Current-state finance workflow showing finance users and reviewers working across ERP, TMS, Excel, and reporting, with manual updates, copy-paste, approvals, and rework loops.

Complex finance workflows still depend on people stitching work together across ERP, EPM, treasury systems, tax tools, data warehouses, spreadsheets, approvals, controls, and reporting deadlines.

AI agents make a new work layer possible: one that gathers data, checks rules, prepares outputs, documents evidence, and escalates exceptions while finance keeps judgement and decisions.

The practical question is no longer whether agentic operating models are coming. It is how finance turns them into working capability, not another AI experiment.

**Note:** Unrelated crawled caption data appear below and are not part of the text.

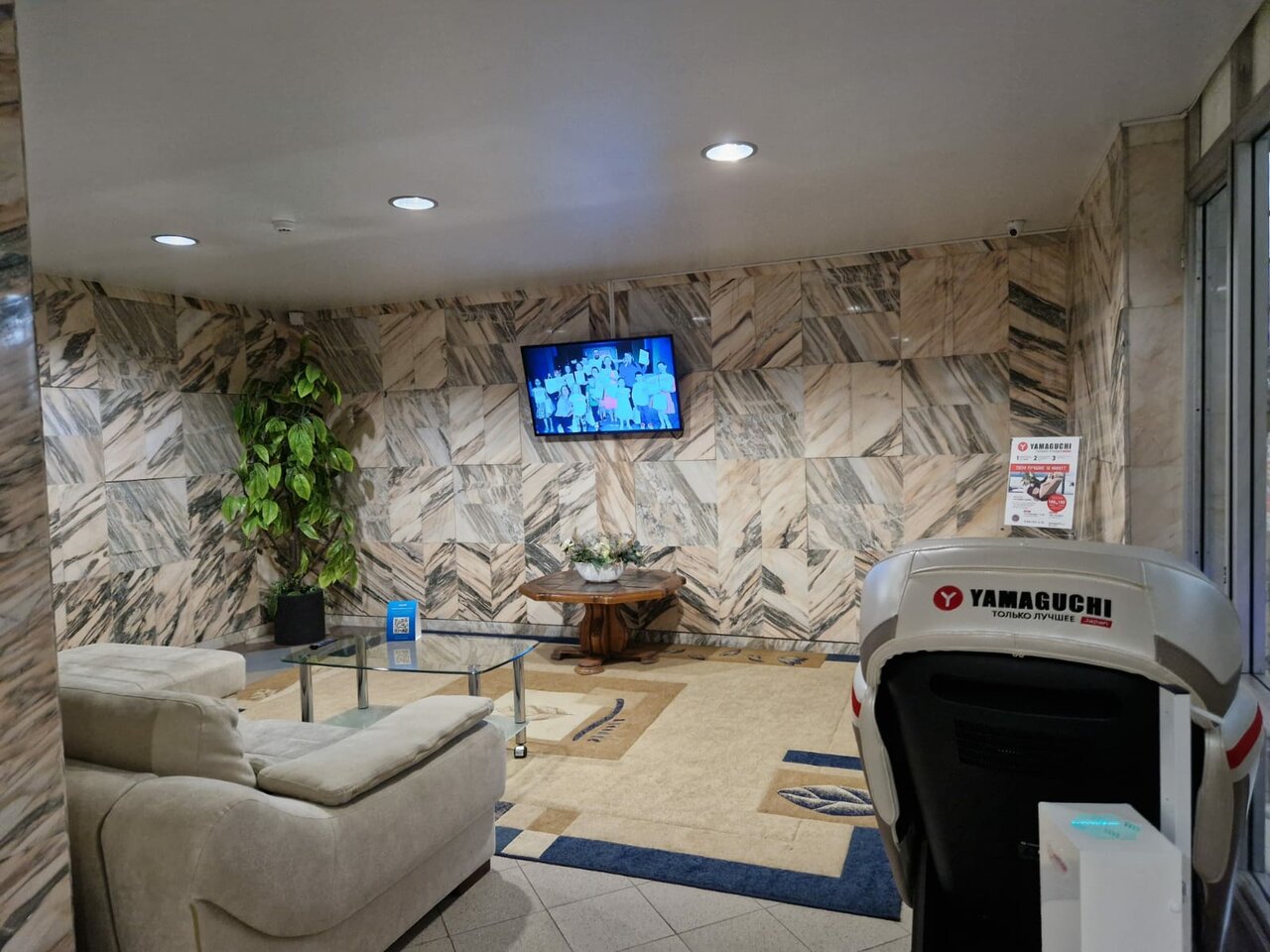 Гостиница Родник Алтая Белокуриха-219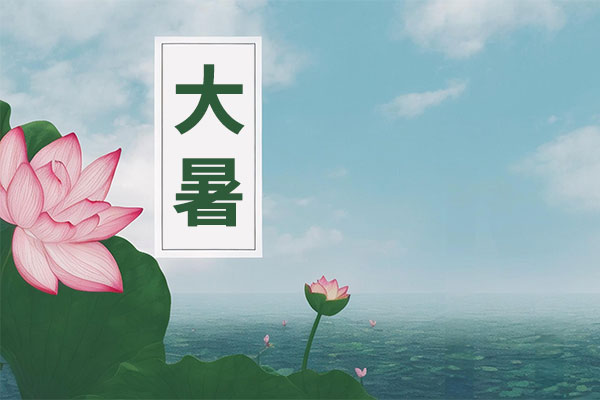 大暑养生,湿热交蒸,清暑祛湿,健脾 大暑养生,湿热交蒸,清暑祛湿,健脾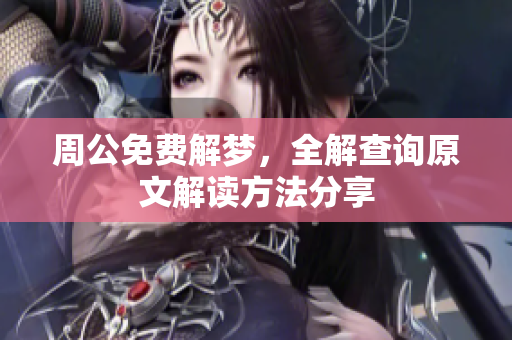 周公免费解梦，全解查询原文解读方法分享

Treasury workflow example. Multiple subsidiaries upload cash balances into a group system. Balances are manually reconciled. A netting calculation is performed. Residual exposures are transferred into an FX risk-management system. A person checks the hedging policy, decides which trades are needed, and executes trades manually with the bank.

Transfer pricing example. A tax accountant searches the ledger for relevant transactions, checks recharges against policy, calculates the true-up, and applies the adjustment manually.

These are the kinds of workflows this service targets: high-value, judgement-heavy processes where work crosses systems and too much coordination still depends on people copying, checking, reconciling, and deciding manually.

This is not a technology trend in isolation. It is a change in how finance work can be performed.

Finance professionals direct the work. Agents execute defined parts of it.

People layer above an AI work layer: people set objectives, review outputs, handle escalations and exceptions, and improve and maintain a self-improving system.

Finance stays in control: setting the objective, defining quality, reviewing outputs, handling exceptions, and owning final judgement.

Agents take on bounded execution: collecting data, applying rules, reconciling differences, preparing drafts, checking completeness, creating evidence, and proposing next actions.

The shift is from doing every step manually to supervising a governed work layer that can execute many of the repeatable steps under human review.

The workflow is redesigned so agents do most of the repeatable work, while finance professionals direct, review, approve, and improve the process.

In the treasury example, agents can collect subsidiary balances, reconcile differences, prepare the netting calculation, identify residual FX exposures, check the hedging policy, draft the recommended trades, and prepare execution or approval steps through controlled interfaces.

In the transfer-pricing example, agents can search the ledger, classify relevant transactions, compare recharges to policy, calculate the true-up, prepare the proposed adjustment, and produce an audit trail for review.

The work is not just prompting an AI model. It requires workflow redesign, interfaces into the relevant systems, deterministic calculations where needed, review points, exception handling, and audit evidence so the process can be trusted.

Finance keeps ownership. The work layer changes.

Agents do not replace your ERP. They change how work happens across your systems.

Diagram showing finance users working across ERP, TMS, Excel, and reporting systems, with requests, updates, approvals, and review loops.

ERP, EPM, treasury, tax, data, and approval systems remain the systems of record.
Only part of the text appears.